Specifically, we aim to foster interactive performance, i.e. any form of theatre, dance, music or other type of experience in which the audience is engaged beyond observation. Interactivity exists in both places and is advanced both in parts of Africa and the UK. We are particularly interested in cases where it is technologically mediated: where technology is used to draw people in to the performance. Technologies such as the web and social media, SMS, RFID, smartphones and sensors of various kinds have been shown to achieve enhanced dramatic or aesthetic effects when integrated gracefully in these genres. Mayfest Bristol is a good example in the UK.

The focus on digitally integrated interactivity is because of its reach beyond the performance itself. First, through physical and virtual participation it tends to encourage creative input from the ‘audience’. Second, it expands the creative scope of technological appropriation and thus can act as a stimulus to technological and digital media development – in the UK and Kenya.

The overall aim is to increase mutual understanding of interactive performance as practised in the various countries of Africa and the UK, and to showcase and thus stimulate both artistic and technological development across these nations. At the same time, we aim to increase audience exposure to new performances and generate public debate about the topics they are concerned with.

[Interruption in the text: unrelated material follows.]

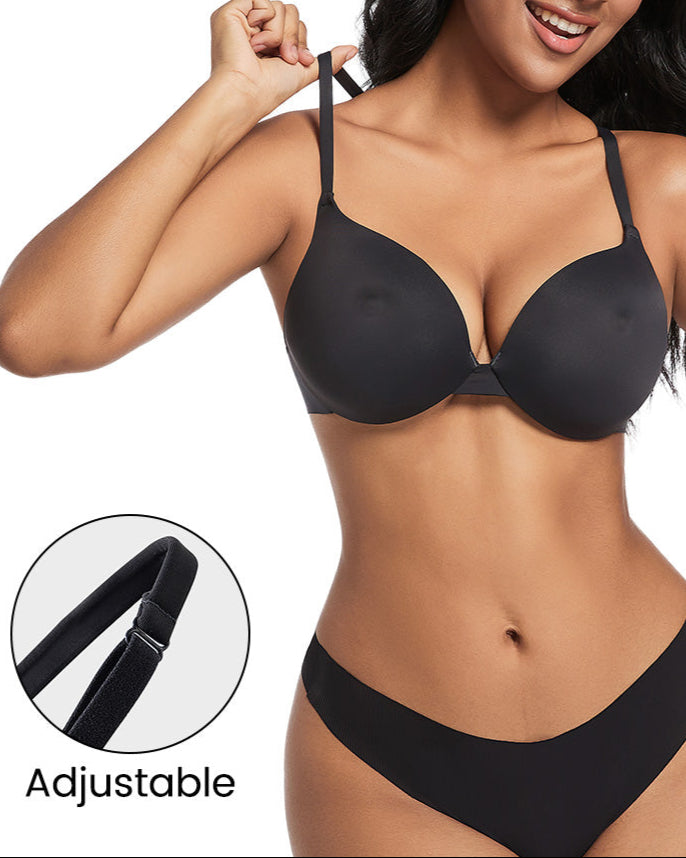 Nipple Push-Up Bra - Black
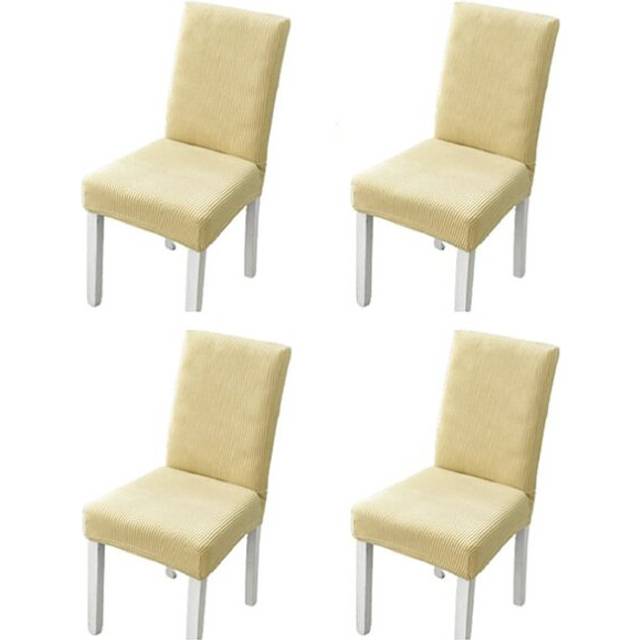 (YELLOW, 4PCS) Stretchy Universal Checkered Dining Chair Covers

Commercial development is also an objective for both the technologists and arts groups involved.

The framework for these engagements is “call and response”: a fundamentally interactive form in which one group calls upon or asks questions of the other through performance, and the other answers or responds through performance. By its cyclic nature, call and response can be used for emphasis, for iterative development, and for turn-taking and complementarity between the groups involved. It can also operate at several levels: within performances themselves, within one project or engagement, and across engagements. Call and response is a cross-cultural form, found across the world from African religious ceremonies and music, to English sea shanties and the Blues.

“In Sub-Saharan African cultures, call and response is a pervasive pattern of democratic participation—in public gatherings in the discussion of civic affairs, in religious rituals, as well as in vocal and instrumental musical expression. It is this tradition that African bondsmen and women brought with them to the New World and which has been transmitted over the centuries in various forms of cultural expression—in religious observance; public gatherings; sporting events; even in children’s rhymes; and, most notably, in African-American music in its myriad forms and descendants including: gospel, blues, rhythm and blues, rock and roll, jazz and jazz extensions.” http://en.wikipedia.org/wiki/Call_and_response_(music)

Call and response builds upon what typically takes place currently when artists visit another country. First, there is the case when a group takes existing work to a foreign audience or creates new work abroad. This expands the audience for and appreciation of the group’s work abroad. In our case, additionally, there is automatic reciprocation: effectively, the visited place responds with its own voice, through a group it has chosen.

Second, there is the creation of a new work by the combined participants in an exchange, as in the Playable City Sprint. This builds on and adds to what the participants from different countries share. In call and response, we enable a creative response to their differences – which can be equally valuable.

Although in any one cycle the roles are different with respect to who is the initiator, in all other respects the roles are equal and, on the next cycle, they are reversed. Call and response is, thus, a format for creative peers to engage with one another across continents in which each is expected to take into account the practices and the context of the other, and at the same time to stand their artistic and contextual ground as they see fit. This “perspective from a distance” has also been applied to international problem-solving initiatives such as Ghana Think Tank.